▶ _Recorded information_

>>>>

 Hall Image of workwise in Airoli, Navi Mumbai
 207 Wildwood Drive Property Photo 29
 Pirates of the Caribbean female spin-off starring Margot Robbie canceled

<<<<
>>>>

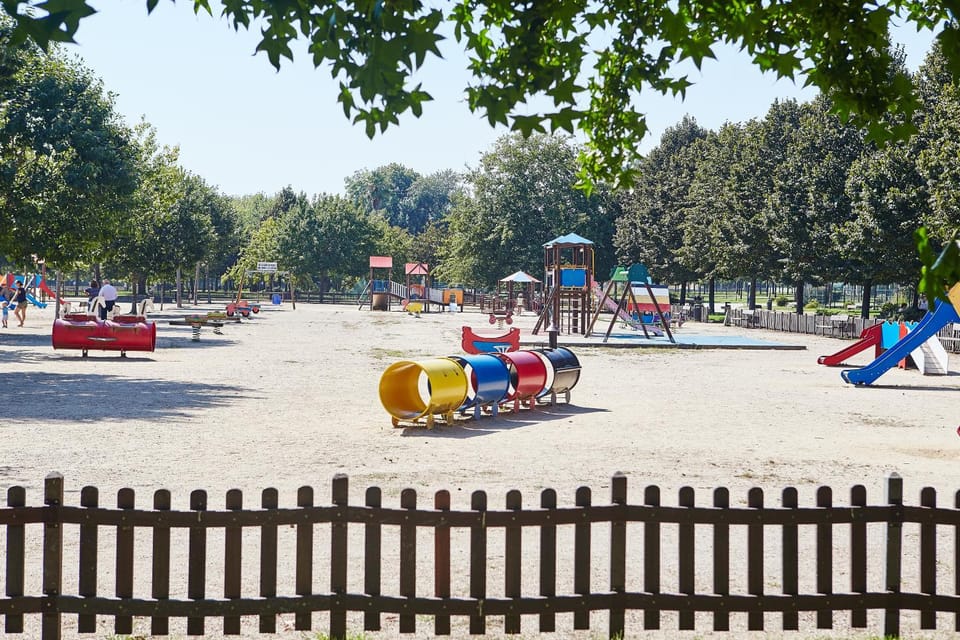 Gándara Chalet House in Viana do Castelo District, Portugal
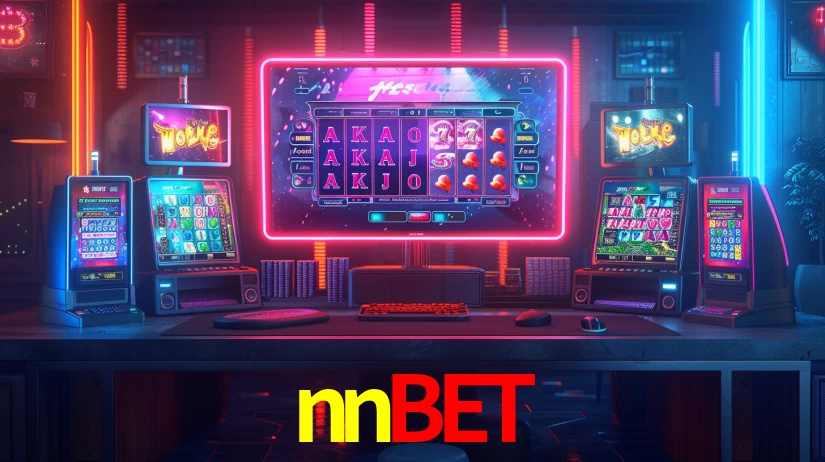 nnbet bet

<<<<

▶ _Your assignment_
Only the lines above starting with the one with "207 Wildwood Drive Property Photo 29" and going through the one with "Pirates of the" are to be copied, word for word and with both ends kept.

▶ _Result of this task_
 207 Wildwood Drive Property Photo 29
 Pirates of the Caribbean female spin-off starring Margot Robbie canceled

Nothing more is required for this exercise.